And in a shockingly not “Alright, Alright, Alright” revelation, The Wall Street Journal reported that Benioff’s buddy and Failure to Launch star Matthew McConaughey was still on the company payroll at $10 million a year to star in commercials where he rhymes about workplace synergy and innovation. This is all on top of the fact that Salesforce’s stock price has dropped nearly 50% since its November 2021 peak of $307 per share.

And now, shareholders are out for blood, trying to turn the outrigger canoe around:

  • Activist investors like Elliott Management, Starboard Value, Third Point, Inclusive Capital, and ValueAct are looking for Benioff to cut costs and boost profits. Elliott has even started nominating a new slate of board directors for Salesforce with one candidate likely being Jesse Cohn, an Elliott managing partner, CNBC reported.
  • Strive Asset Management, known for its “anti-wokeness” investing strategies and founded by presidential candidate Vivek Ramaswamy recently sent a letter to Benioff saying Salesforce should not be “using its corporate bullhorn to wade into the divisive social issues de jour,” the WSJ reported.

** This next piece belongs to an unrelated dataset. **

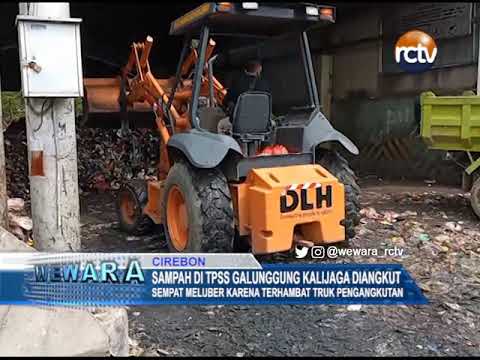 Sampah di TPSS Galunggung Kalijaga Diangkut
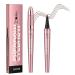 GCVSE Eyebrow Pencil Microblading Eyebrow Pencil with 4 Micro-Fork Tips Long-Lasting Brow Waterproof Smudgeproof Brow Pen - Easy Creation of Natural Looking Defined Eyebrows (Dark Brown)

Good Earnings: Salesforce’s revenue was up 18% year-over-year, totaling $31.4 billion, and it’s expected to grow to $34.5 billion next year. It closed the year with cash flow reaching $7.1 billion, which Benioff said was the highest in the company’s history. So whatever discussion he needs to have with the likes of Elliott and Strive, it will probably go a lot smoother now that he comes bearing gifts — and a Hawaiian lei.